§ The problem
Starting from the line containing "A24-3078-BOOST SEATS Sport", give again every line through the end of the entries, word for word. Pictures stay out of the copy.

┌──

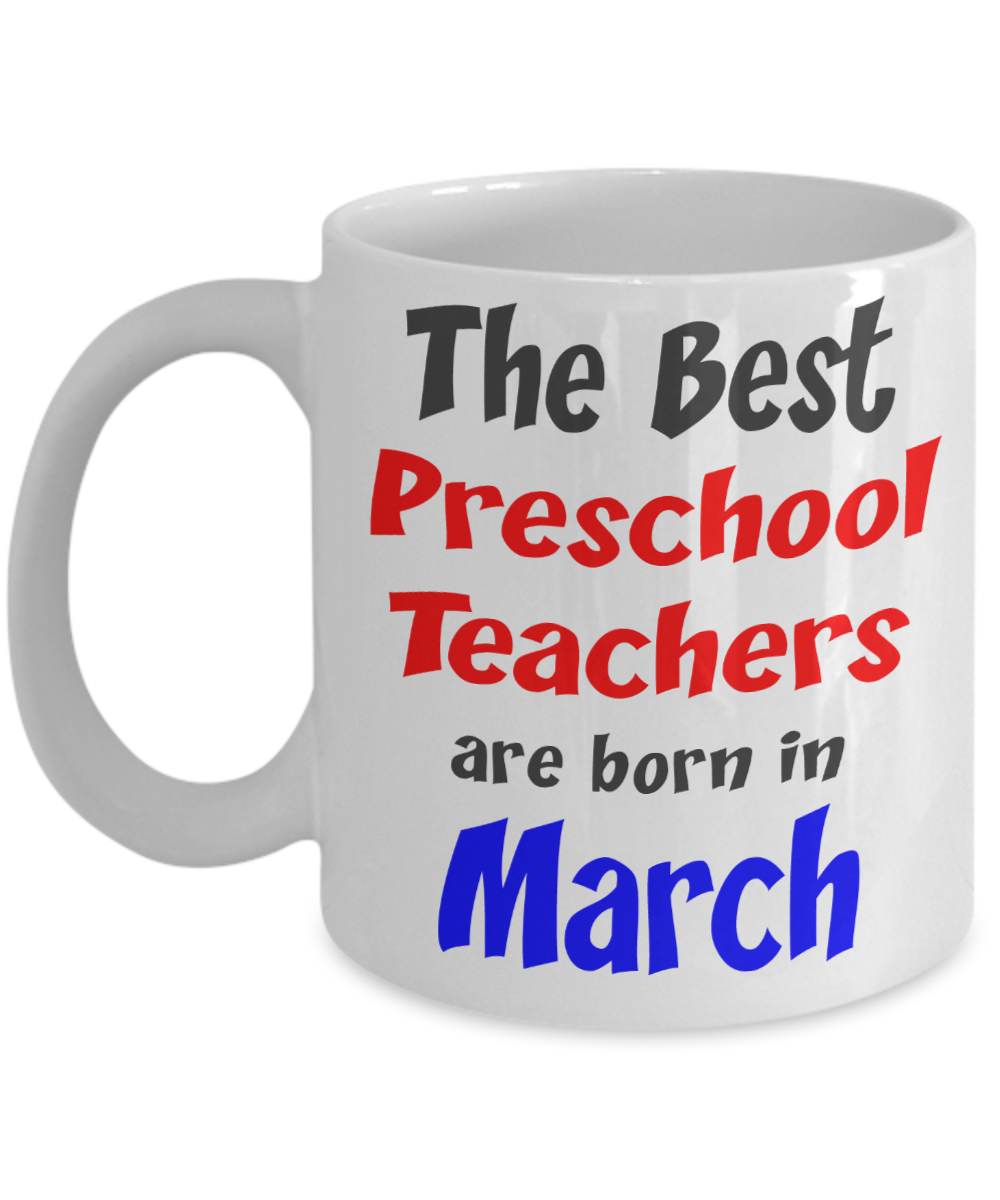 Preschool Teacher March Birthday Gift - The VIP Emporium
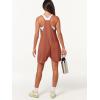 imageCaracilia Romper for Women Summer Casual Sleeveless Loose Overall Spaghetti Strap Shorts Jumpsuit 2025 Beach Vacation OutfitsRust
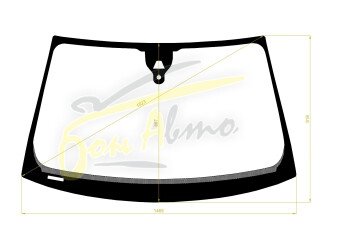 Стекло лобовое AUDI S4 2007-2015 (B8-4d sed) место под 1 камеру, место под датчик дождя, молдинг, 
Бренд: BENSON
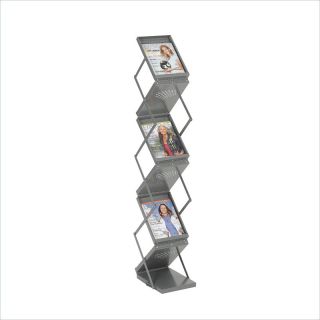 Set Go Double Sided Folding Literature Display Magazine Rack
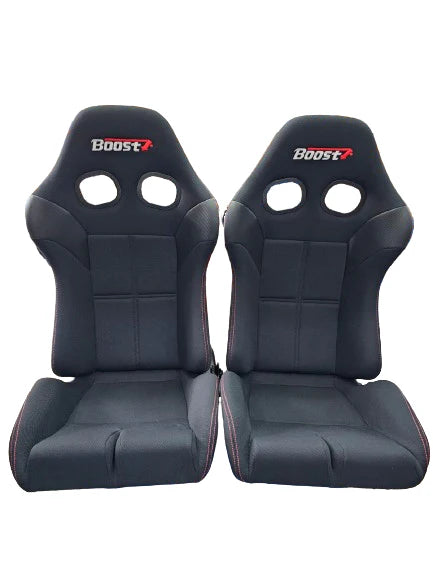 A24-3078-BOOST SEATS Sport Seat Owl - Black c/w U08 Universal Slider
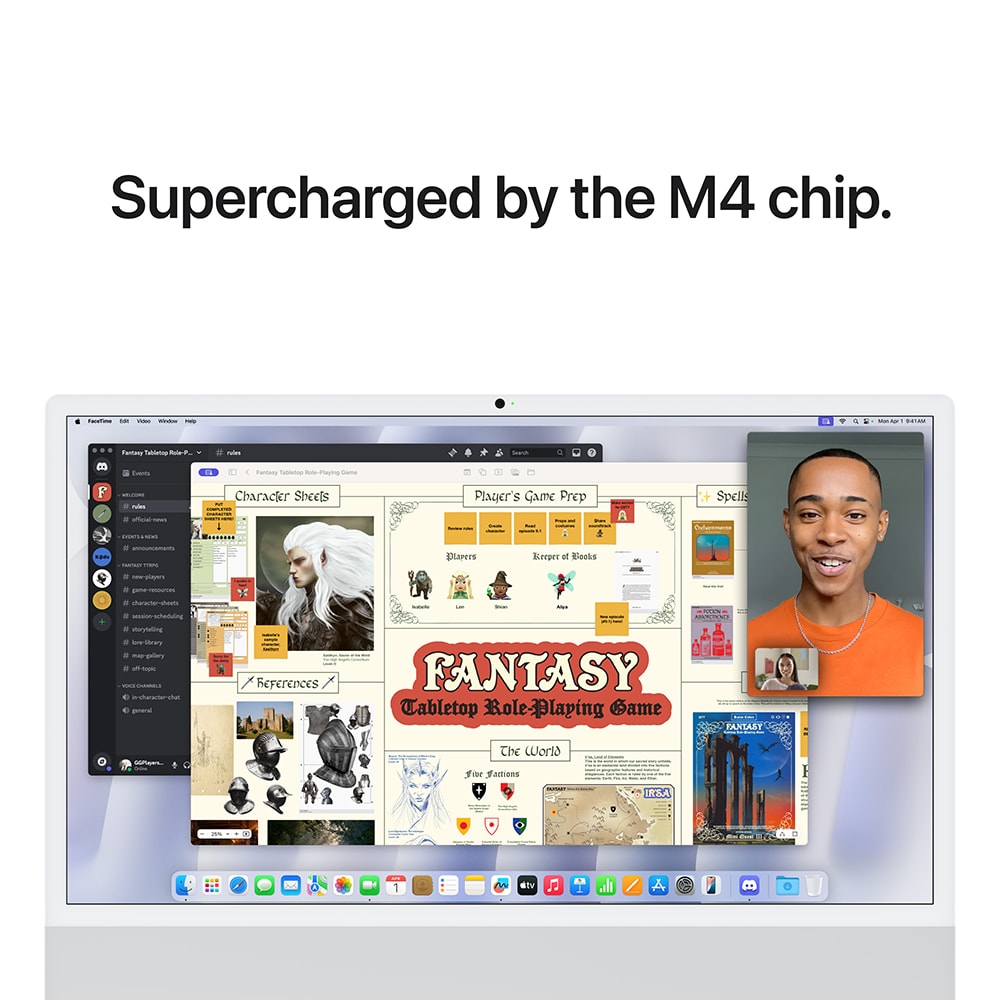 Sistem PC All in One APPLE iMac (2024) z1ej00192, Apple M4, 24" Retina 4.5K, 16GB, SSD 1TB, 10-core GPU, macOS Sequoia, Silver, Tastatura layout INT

└──

§ Task answer
 A24-3078-BOOST SEATS Sport Seat Owl - Black c/w U08 Universal Slider
 Sistem PC All in One APPLE iMac (2024) z1ej00192, Apple M4, 24" Retina 4.5K, 16GB, SSD 1TB, 10-core GPU, macOS Sequoia, Silver, Tastatura layout INT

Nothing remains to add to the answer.